Góngora (Vocabulario… por Bernardo Alemany y Selfa) usa del cisne, fuera de su sentido literal, en otros seis: para aludir a la constelación boreal en la Vía Láctea, entre Cefeo y el Águila: como la encarnación de Júpiter ante Leda: como sinónimo de mujer hermosa: como adjetivo con la significación de blanco: como metáfora para el cabello cano y, mucho más frecuentemente, como título de poeta. Coincide en este último uso con el que todos los demás de su siglo le dieron. En muchedumbre acuden a la memoria los “claros cisnes del Betis” y de otras regiones que bogan, caballeros en los sonetos laudatorios, al frente de novelas, comedias y poesías. De este modo objetivo, los poetas no hallan cosa mejor con que comparar a sus amigos.
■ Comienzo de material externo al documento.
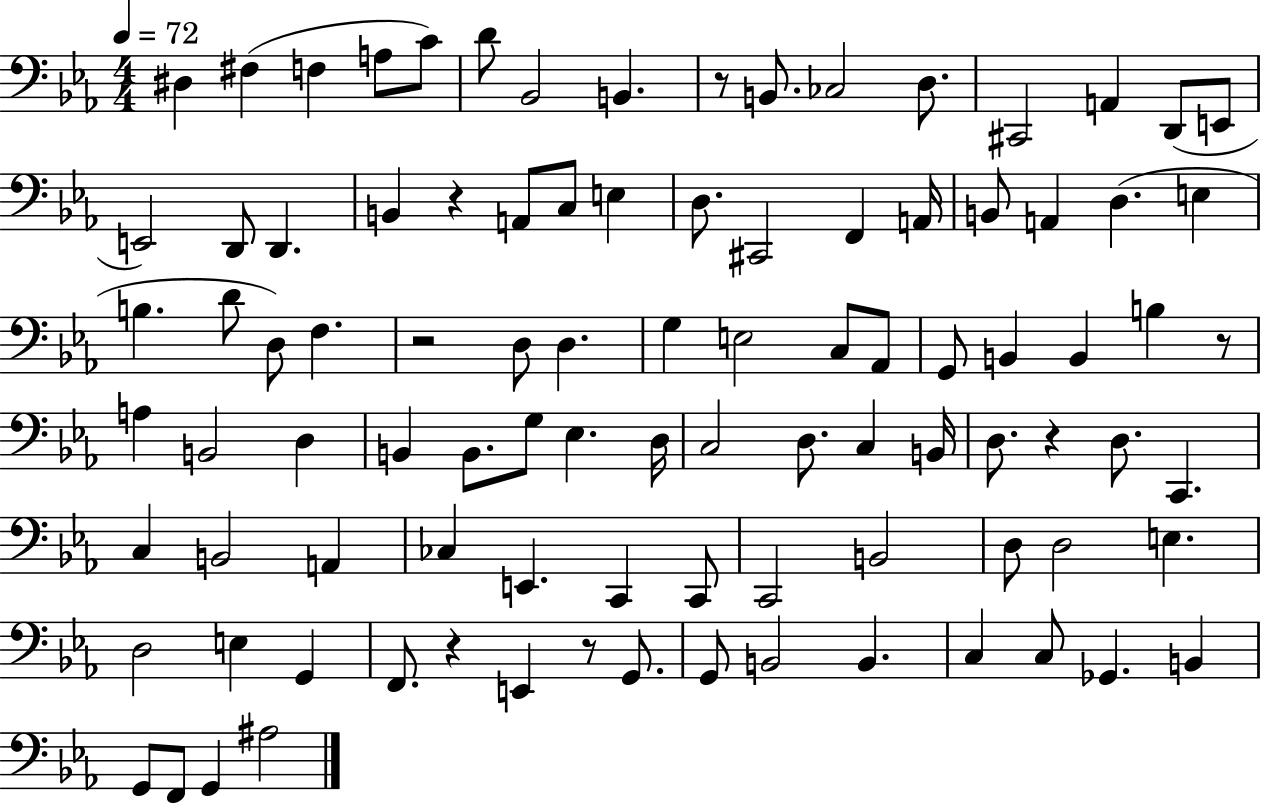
D#3/q F#3/q F3/q A3/e C4/e D4/e Bb2/h B2/q. R/e B2/e. CES3/h D3/e. C#2/h A2/q D2/e E2/e E2/h D2/e D2/q. B2/q R/q A2/e C3/e E3/q D3/e. C#2/h F2/q A2/s B2/e A2/q D3/q. E3/q B3/q. D4/e D3/e F3/q. R/h D3/e D3/q. G3/q E3/h C3/e Ab2/e G2/e B2/q B2/q B3/q R/e A3/q B2/h D3/q B2/q B2/e. G3/e Eb3/q. D3/s C3/h D3/e. C3/q B2/s D3/e. R/q D3/e. C2/q. C3/q B2/h A2/q CES3/q E2/q. C2/q C2/e C2/h B2/h D3/e D3/h E3/q. D3/h E3/q G2/q F2/e. R/q E2/q R/e G2/e. G2/e B2/h B2/q. C3/q C3/e Gb2/q. B2/q G2/e F2/e G2/q A#3/h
Subjetivamente, si también gustan de llamarse así, el velo de la modestia encubre su apolínea declaración en el recuerdo del fúnebre canto.

Dirá el Marqués de Santillana (nbaeXIX560b):

Qual del cisne es ya mi canto…
de mi muerte dolorida,

y Boscán, en el Mar de amor:

El cisne con su cantar
su triste lloro adevina,
porque luego allí se fina
a las orillas del mar,
donde a la muerte se inclina.
Con mi voz enronquecida
adevino mi morir;

y agrega:

y es gloria tan crecida
en perder así la vida,
que no se quiere partir,

versos con que nos recuerda la Canción del Comendador Escrivá (Ant., IV, p. 61):

Ven muerte tan escondida
que no te sienta conmigo
porque el gozo de contigo
no me torne a dar la vida

que vuelven a glosar Santa Teresa (“Vivo sin vivir en mí, / y tan alta vida espero, / que muero porque no muero”) y San Juan de la Cruz (“Vivo sin vivir en mí, / y de tal manera espero, / que muero, porque no muero”).